Together for Sustainability AISBL (TfS) is a joint initiative of chemical companies, founded in 2011. It focuses on the promotion of sustainability practices in the chemical industry's supply chain, currently gathering chemical companies around a single standard of auditing and assessment.

Sustainability in chemical supply chains 

Over the past few years sustainability aspects in the chemical industry have become more important and holistic. Nowadays, chemical companies' measures focusing sustainability include apart from ecological aspects also social concerns and collaborative issues.

Today, it has been well accepted that the creation of sustainable chemical supply chains requires a joint effort beyond individual businesses. These efforts should integrate chemical companies, suppliers, customers as well as consumers.

Prof. Dr Wolfgang Stolze and Marc Müller of the University of St. Gallen summarize the development in the chemical industry in recent years as follows: "The scope of sustainability in the chemical industry has evolved from a firm-level construct with a strong focus on green aspects to a chain-level approach attempting to address the triple bottom line of economic, social and environmental elements."

History 

The Together for Sustainability initiative was founded in 2011 by BASF, Bayer, Evonik, Henkel, Lanxess, and Solvay.

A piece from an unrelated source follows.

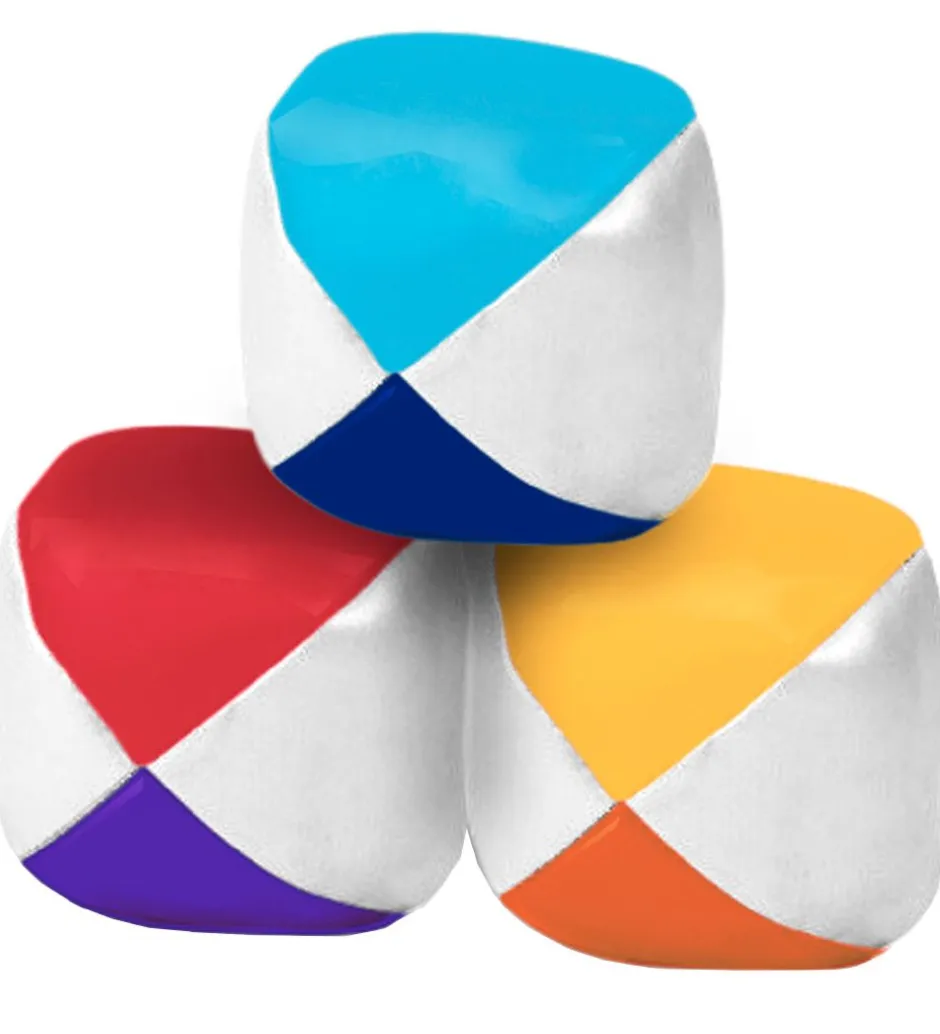 Bolde*Vilac Jongleringsbolde - 6 cm - 3-Pak
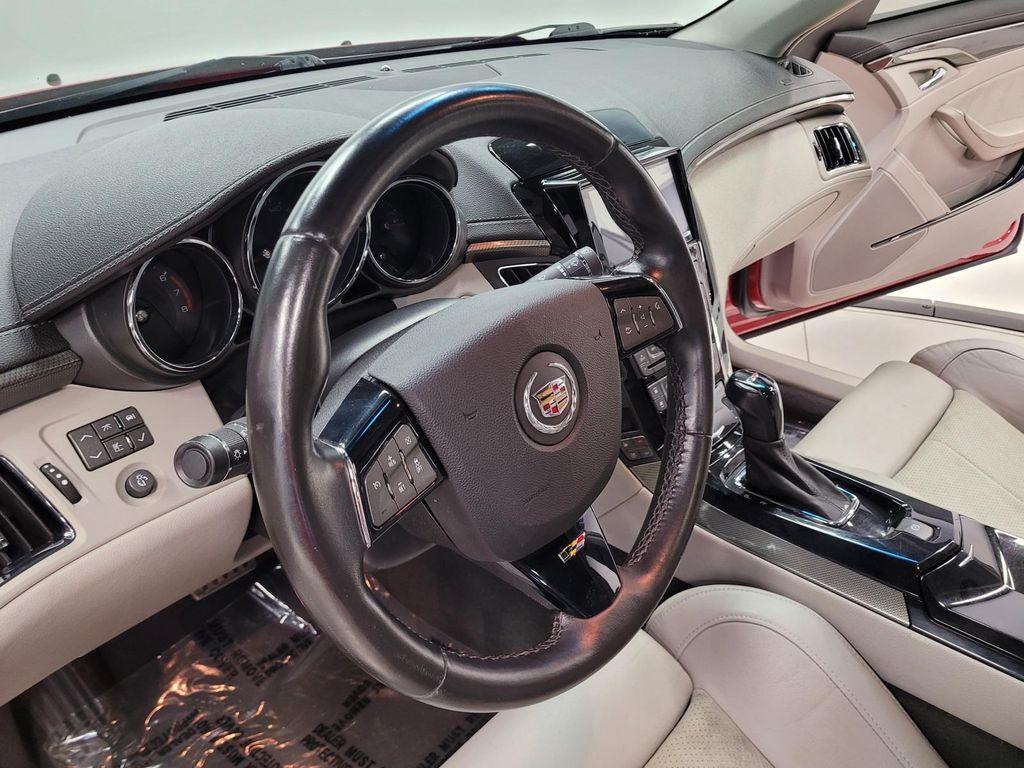 used 2012 Cadillac CTS-V car, priced at $36,990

The objective was to develop a global supplier engagement program and improve their own sustainability sourcing practices in line with the United Nations Global Compact. Since January 2015, the TfS initiative is incorporated as an international non-profit association according to the Belgian law.

Since June 2012, TfS conducts  assessments and audits by independent experts, as well as the early partnership with the French company EcoVadis, which provided with sustainability scorecards and benchmarks.

In May 2019 Bertrand Conquéret, CPO of Henkel, was elected as president of the TfS.

Objectives 

TfS, a global, procurement-driven initiative, delivers a framework with tools – TfS Assessments and TfS Audits – to assess and improve the sustainability performance of chemical companies and their suppliers. TfS has extended its program including now scope 3 GHG emissions. TfS delivers the de facto global standard for environmental, social and governance performance of the chemical supply chains. The program is based on the UN Global Compact and Responsible Care principles.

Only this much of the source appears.